Amor Deus
2024
Boa Vista Island.
BThe island of Boa Vista, a former Portuguese colony, known and chosen as an international tourist destination, famous for its spectacular beaches caressed by the trade winds and relaxed lifestyle, retains pockets of widespread poverty, and Bairro de Boa Esperanza is the neighborhood where the most destitution is concentrated. Bairro de Boa Esperanza is a neighborhood northeast of Sal Rei, the capital of the island of Boa Vista in the Cape Verde archipelago. Also known as the “shacks” area, it is a kind of city within a city, where residents still live in precarious conditions.
My hotel in Sal Rei, the capital of Boa Vista, faces a wide street bordered by a row of low houses. Walking down it in about half an hour, one arrives in a neighborhood, Bairro de Boa Esperanza, which everyone here calls “of the shacks” a sort of city within a city, where the inhabitants still live in precarious housing and social conditions. Every morning around 6 a.m., from the bottom of this narrow street still shrouded in the dim light of morning, small groups of people, mostly women from Bairro de Boa Esperanza make their way to the bus station, adjacent to the hotel. They are wearing the uniform of a well-known resort on the island, one of the most luxurious, a few kilometers from Sal Rei. Here most of the population lives off the hotels and tourism, which has seen some increase in recent years.
The reputation of the area called “the shacks” is that of a place that is not very safe, especially for people like me, who are not from Boa Vista. Rare are the tourists who go this far, especially at night. Therefore, I decide to have Neydin, a Cape Verdean friend, accompany me. He, too, confirms to me that the situation has improved a lot over time and that now the sheet metal buildings no longer exist, but looking around many houses still seem to be under construction, many the remains of the old shacks now no longer inhabited, the roads are certainly not well paved or not at all, and children play among the debris.
We across what appears to be the main square, and on the opposite side I cross the gazes of two policemen. After a few minutes I see them again making their rounds. Neydin notices them and tells me, “they used to shoot each other here, now it doesn't happen anymore.”

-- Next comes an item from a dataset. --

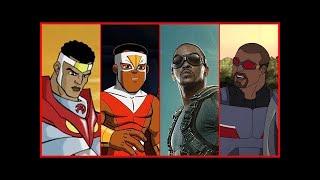 Falcon Evolution in Movies amp Cartoons 2018 [upl. by Deidre]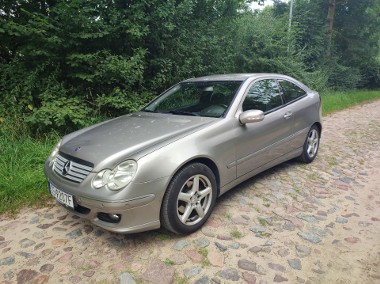 Coupe lift 2.2CDI 150KM model 2005 automat klimatronic-1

Just in the days of my stay in Cape Verde, the minister of tourism and transport opened a tourism office. In an interview, when asked what they intended to do to improve the lives of the inhabitants of the shack area, he said that there are plans to increase entry fees for tourists designed to be donated to the reconstruction of the neighborhood. They want to relocate the residents to public housing. Houses similar to others that surround the area and where in recent years many former shack dwellers have moved to.Despite all this, walking through the streets of Bairro de Boa Esperanza I saw serene and even smiling faces, families and neighbors helping each other and, at least apparently, there is no perception of any kind of hardship or sadness. Surely it is also thanks to the great ability of Cape Verdeans to adapt, to enjoy the very small things in life. However, Bairro de Boa Esperanza cannot help but appear to me as a deep wound in this little paradise that is the island of Boa Vista.